Tonight, at the CCSC’s Committee on Manhattanville Expansion’s panel on the subject, several professors joined Provost Alan Brinkley and Vice President of Facilities Phil Pitruzzelo to discuss the remaining ethical concerns surrounding displacement and gentrification and to largely ignore the question of what’s going into the Manhattanville site. This is because, Pitruzzelo explained, except for some of the buildings in Phase I of the plan—which includes moving the Business School, SIPA, and the SoA, and building the Mind, Brain and Behavior Center—Columbia hasn’t decided what to do with the northern portion of the site.  But no matter, on to what the professors had to say.


Brinkley began the evening with a sweeping statement: “The Manhattanville project is the most important event in the Columbia’s history since the University moved here from midtown in the 1890s.” (And to think that this whole time we’ve been lead to believe it was the ’68 protests.)  He continued, “We have to find room for expansion or we have to accept that Columbia will not remain among the leading universities in the world as we are today.”  

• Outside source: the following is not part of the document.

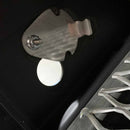 Close-up of a metal surface with a bolt, bracket, circular hole, and grated metallic structure—features of the Yoder Smokers YS480S Competition Pellet Grill with Stainless Steel Shelves by Yoder Smokers, designed for direct-flame grilling.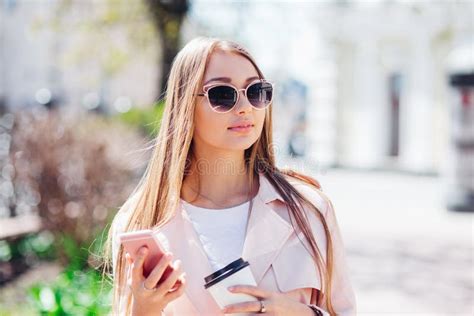 Upper Class Woman Fashionable Woman Texting Outdoors Fashion Woman In A Sunglasses And Pink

Following Brinkley was Elliott Sclar, a professor at the Graduate School of Architecture, who said that development would happen regardless of whether or not Columbia expands.  Sclar doesn’t see the school’s expansion as a matter of gentrifying West Harlem, given that Columbia needs cheap housing around it, too.  “Gentrification isn’t something that’s in Columbia’s interest,” he said. “Columbia doesn’t need to be surrounded by investment bankers…”

Urban Economics Professor Brendan O’Flaherty also offered his opinion on the expansion—a rare occurrence, he noted.  “I’ve never said anything about Manhattanville before and I probably never will again.” O’Flaherty went on a bit of a rant about how Columbia doesn’t pay property taxes (it’s a non-profit organization) and he thinks it should.  But on the expansion itself, “this is dropping a pebble into a river as far as New York is concerned.”  

The evening’s discussion, much to this viewer’s chagrin, remained rather staid.  There’s something passé about debating the morality of the project, given that  preliminary construction and utility work will begin this summer.


For more on professors’ reactions to the Manhattanville expansion, check out this article in the February issue of The Blue and White. 



  1. huh they don't even know what they are going to do with the whole northern part of the site??? Then what was the point of causing such a fuss? why can't they leave it alone then if now they have to come up with something to do with it?

  2. Uris

    Well, if they move the Business School there, they sure will be bringing a slew of investment bankers with them, much to Sclar's chagrin. I surely won't miss them.

    • alexw  

      They're building the powerhouse for the entire future Manhattanville campus in Phase I. That's why it doesn't matter exactly what the future buildings are used for, it only matters that we know they'll exist.

  3. architecture  

    PLEASE for the love of god dont make the buildings in the expansion look like lerner/uris/IAB/law school. why doesnt columbia just stick to the traditional john jay/hamilton/havemeyer look? this is why id never donate...

    • ...  

      because howard roark said so.

      that said, they have a point. if columbia doesn't expand, gazillion dollar condos WILL go in. hell, that tuck-it-away dude has already converted some of his properties outside of the city to luxury condos.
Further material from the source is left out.